REPUBLIKA.CO.ID,JAKARTA--Imam Al-Ghazali berpendapat bahwa dosa akan menghalangi seseorang untuk ringan di dalam menjalankan kebaikan-kebaikan, dan semangat di dalam ketaatan. Jika seseorang terus-menerus melakukan dosa maka akan menghitamkan dan mengotori hatinya.
"Sehingga engkau menemukan hatimu dalam keadaan gelap, keras, dan terbelenggu dengannya," tulis Imam Al-Ghazali dalam kitabnya "Minhazul Abidin".
Karena dosa, lezat dan manisnya ketaatan tidak akan ditemukan. Jika Allah SWT tidak memberikan kasih sayang, maka orang yang melakukan dosa akan terjerumus dalam kekufuran dan kesengsaraan.

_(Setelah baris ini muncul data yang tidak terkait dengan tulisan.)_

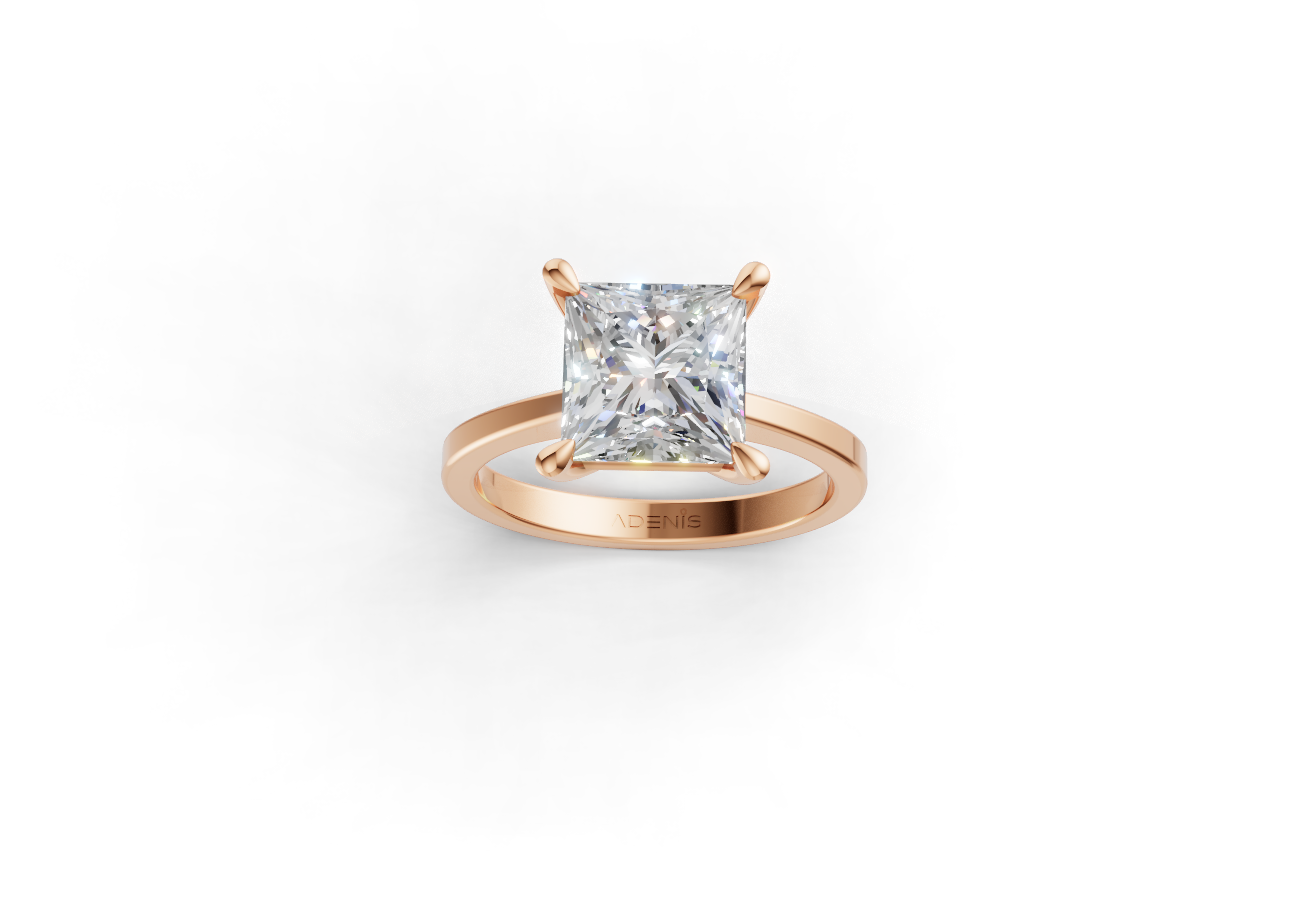 AD-RG-DIA034 — Princess Cut Diamond Ring AD-RG-DIA034 — Princess Cut Diamond Ring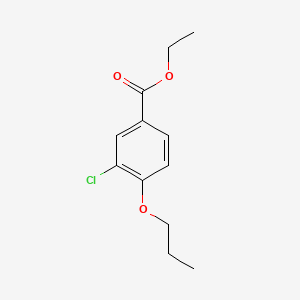molecular formula C12H15ClO3 B14770550 Ethyl 3-chloro-4-propoxybenzoate 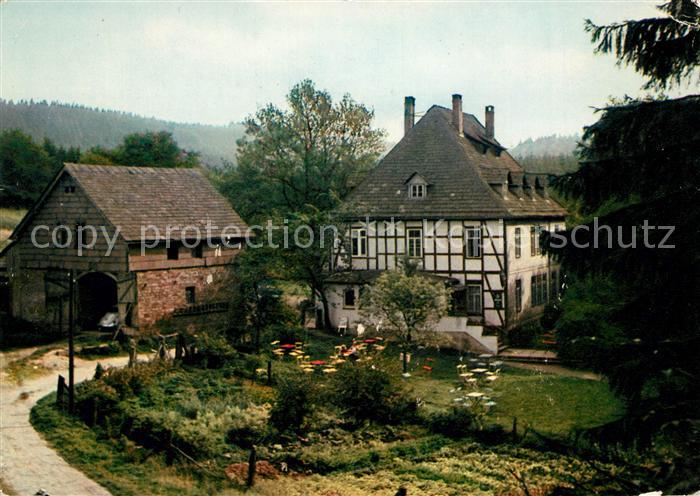 Schiesshaus Holzminden Gasthaus Pension Waldmuehle Fachwerk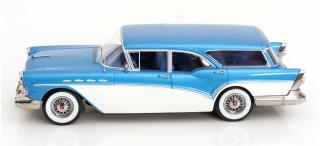 Buick Special Estate Wagon 1957 türkis-metallic/weiß KK-Scale 1:18 Metallmodell (Türen, Motorhaube... nicht zu öffnen!)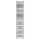 Artiss 3-Tier Bathroom Cabinet: Water-Resistant PVC, Slim Design, Toilet Roll Holder, Ventilated Storage - 17x15x76cm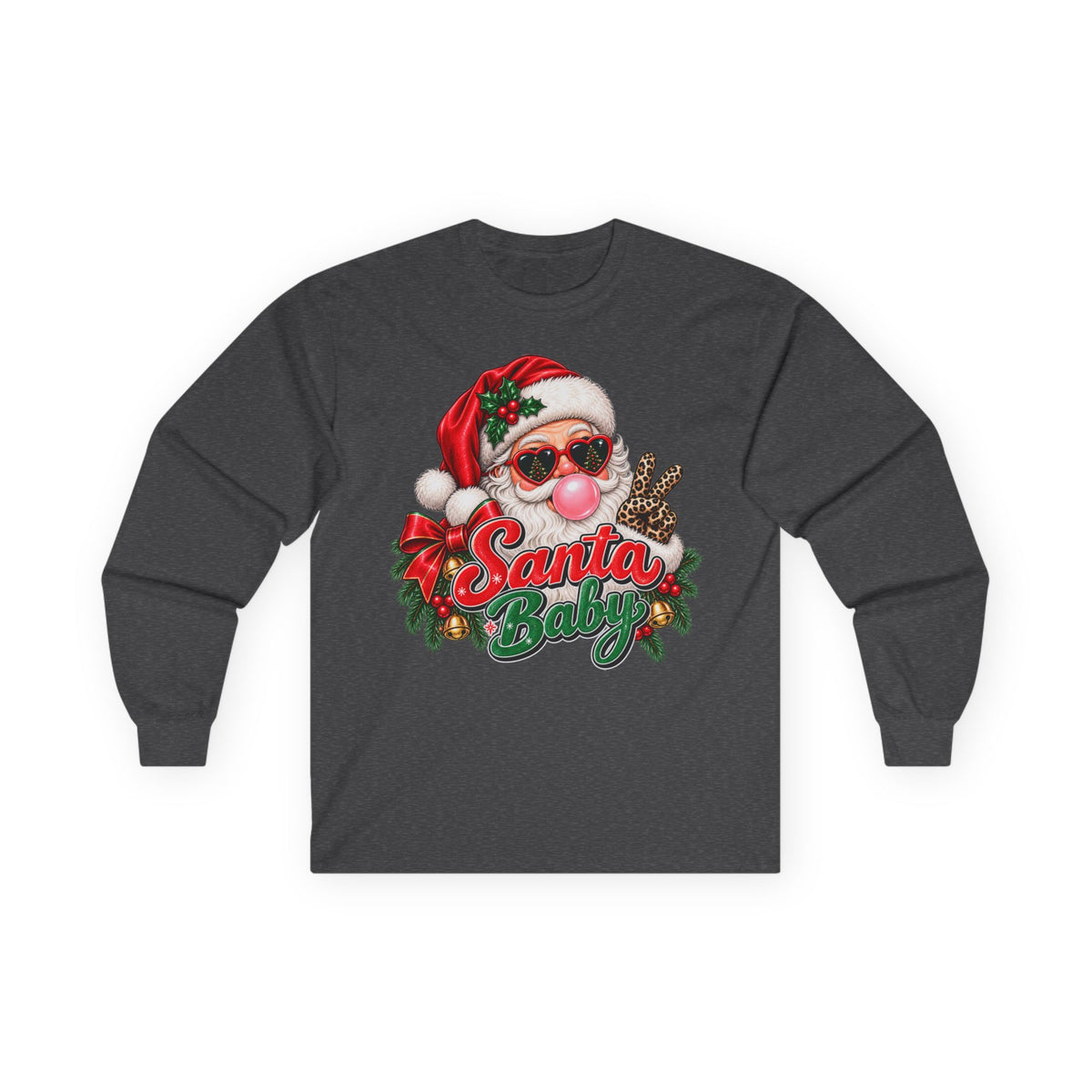 Santa Baby Christmas Long Sleeve Shirt | Cute Retro Santa Holiday Tee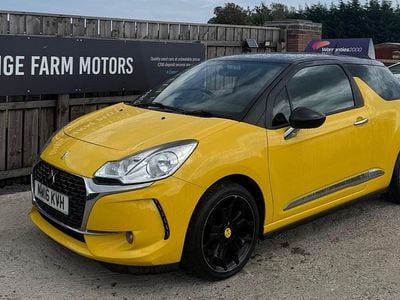 Used DS Automobiles DS3 Elegance 2016 Yellow Hatchback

Sangat mengherankan, bagaimana seorang diberikan taufik untuk taat kepada Allah padahal tertawan dalam sialnya maksiat dan hatinya keras. Bagaimana ia bisa diajak mengabdi kepada Allah sementara ia orang yang terus-menerus melakukan kemaksiatan.
"Bagaimana ia bisa mendekatkan diri bermunajat, sementara ia bergelimang dan belepotan dengan kotorannya dosa," katanya.
Dalam sebuah hadits Rasulullah bersabda: "Apabila seorang hamba berdusta, maka kedua malaikat merunduk karena mencium aroma busuk dari mulutnya." (HR. At Tirmidzi).
"Apakah lisan seperti ini layak berzikir kepada Allah?" katanya.
Maka sudah pasti seseorang yang terus-menerus melakukan dosa dan maksiat tidak akan mendapatkan taufik. Anggota tubuhnya tidak akan diringankan melakukan ibadah. Jika pun mendapatkan taufik tersebut, maka ia akan melakukannya dengan kelelahan.
"Tak akan ada kelezatan dalam ibadah, tak ada ketulusan di dalam hati ini semua karena sialnya dosa dan karena ia tidak mau atau masih tetap meninggalkan taubat," katanya.
Benar adanya orang yang mengatakan bahwa jika engkau tidak mampu melakukan shalat malam dan puasa di siang hari diketahui engkau terbelenggu oleh kesalahan-kesalahan. Maka engkau wajib bertaubat agar ibadah diterima, karena Allah sebagai pemilik agama ini tidak menerima hadiah.
"Hal itu karena taubat dari kemaksiatan kepada Allah dan dosa dengan makhluk dengan meminta di dalamnya adalah faru dan kewajiban pasti," katanya.